Hallo Experten,
nehmen wir mal an, Paul wohnt in einem Mehrfamilienhaus zur Miete. Leider gibt es dort auch Mieter, die ihren Sperrmüll einfach im allgemein zugänglichen Teil des Kellers entsorgen. Die Wohnungsgenossenschaft lässt dann ab und zu den Sperrmüll abholen und die entstehenden Kosten tauchen anschliessend bei der Betriebskostenabrechnung auf, werden somit auf alle Mieter verteilt. Paul findet das ungerecht, weil er seinen Sperrmüll immer ordentlich selbst abholen lässt.

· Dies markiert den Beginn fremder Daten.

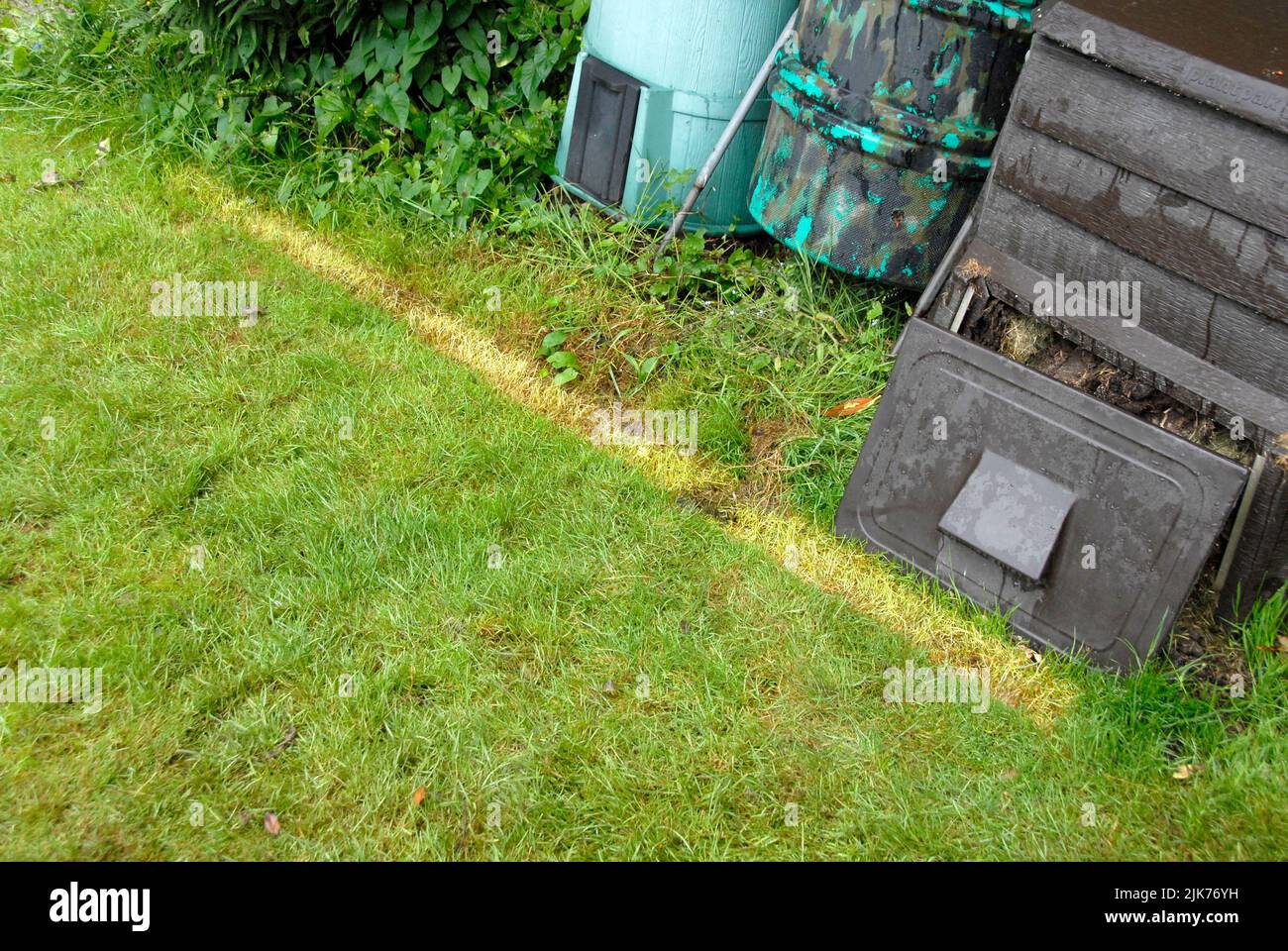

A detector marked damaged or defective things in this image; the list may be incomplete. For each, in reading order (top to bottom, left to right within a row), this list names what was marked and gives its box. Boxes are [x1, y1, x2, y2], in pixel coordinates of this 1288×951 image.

barrel with peeling teal paint [551, 0, 793, 232]
barrel with peeling teal paint [752, 0, 1030, 284]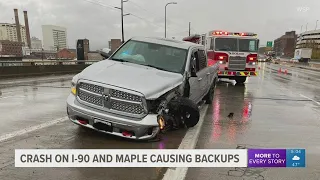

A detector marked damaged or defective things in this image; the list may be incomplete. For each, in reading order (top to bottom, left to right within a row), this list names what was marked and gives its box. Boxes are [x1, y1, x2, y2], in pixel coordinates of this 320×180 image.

detached wheel [169, 98, 199, 128]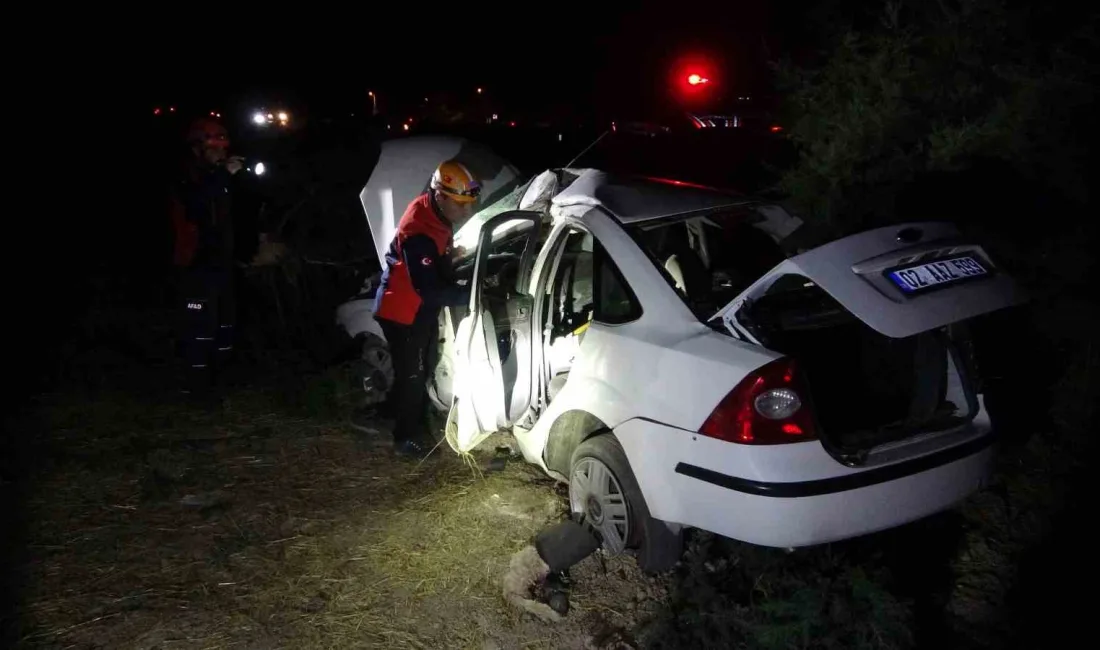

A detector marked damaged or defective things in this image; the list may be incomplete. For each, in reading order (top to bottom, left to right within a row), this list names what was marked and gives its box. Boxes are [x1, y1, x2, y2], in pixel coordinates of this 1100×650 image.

crushed car roof [552, 167, 760, 223]
shattered windshield [624, 206, 796, 318]
severely damaged white car [340, 135, 1032, 568]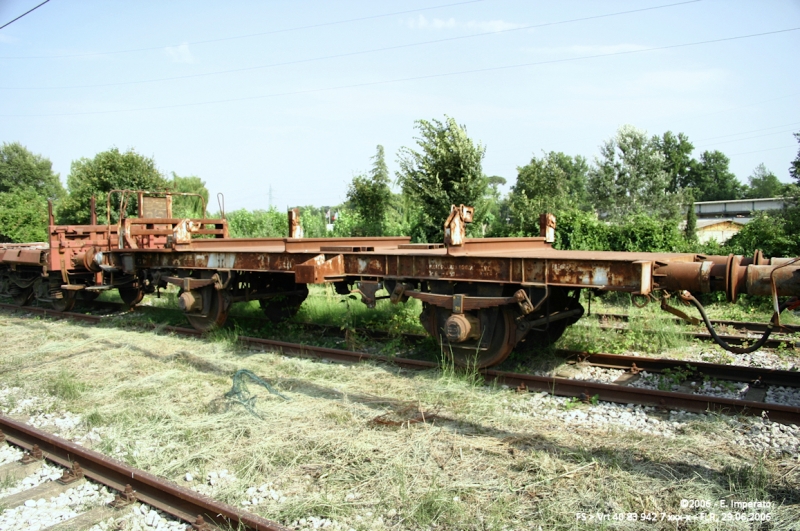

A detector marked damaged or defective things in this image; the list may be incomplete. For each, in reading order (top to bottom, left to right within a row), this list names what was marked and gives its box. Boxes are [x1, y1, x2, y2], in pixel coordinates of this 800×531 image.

rusty flatcar [0, 192, 796, 370]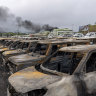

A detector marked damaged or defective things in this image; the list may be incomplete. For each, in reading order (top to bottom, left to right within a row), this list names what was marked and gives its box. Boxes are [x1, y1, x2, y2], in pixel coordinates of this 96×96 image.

row of burnt cars [0, 37, 95, 96]
burnt metal debris [0, 38, 95, 95]
charred car body [7, 44, 96, 95]
burnt car [8, 44, 96, 96]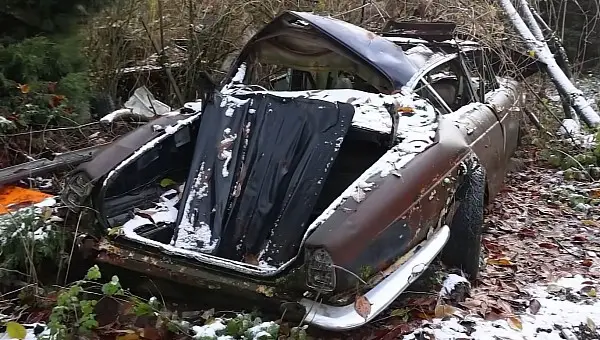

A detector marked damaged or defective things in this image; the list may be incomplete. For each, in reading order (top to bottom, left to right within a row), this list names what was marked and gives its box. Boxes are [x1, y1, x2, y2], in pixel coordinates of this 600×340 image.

rusty abandoned car [61, 11, 528, 330]
wrecked car body [63, 11, 528, 330]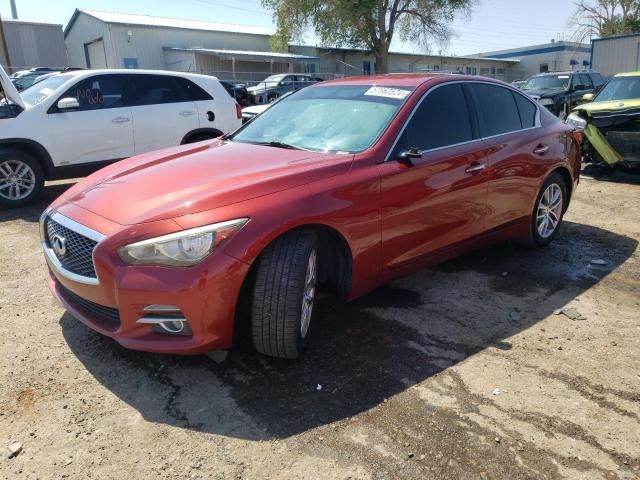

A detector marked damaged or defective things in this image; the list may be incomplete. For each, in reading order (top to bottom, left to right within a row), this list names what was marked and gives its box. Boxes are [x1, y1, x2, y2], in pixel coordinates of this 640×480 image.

damaged car [568, 71, 640, 169]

Gleichzeitig fühlt er sich auch nicht in der Lage, selbst Detektiv zu spielen und herauszufinden, wer daran schuld ist.
Paul fragt sich als ordentlicher Mieter, ob es überhaupt in Ordnung ist, die von einzelnen verursachten Kosten auf alle Mieter „abzuwälzen“, oder ob die Wohnungsgenossenschaft nicht durch eigene Bemühungen herausfinden müsste, wer der oder die Übeltäter sind und diese dann entsprechend zur Kasse zu bitten.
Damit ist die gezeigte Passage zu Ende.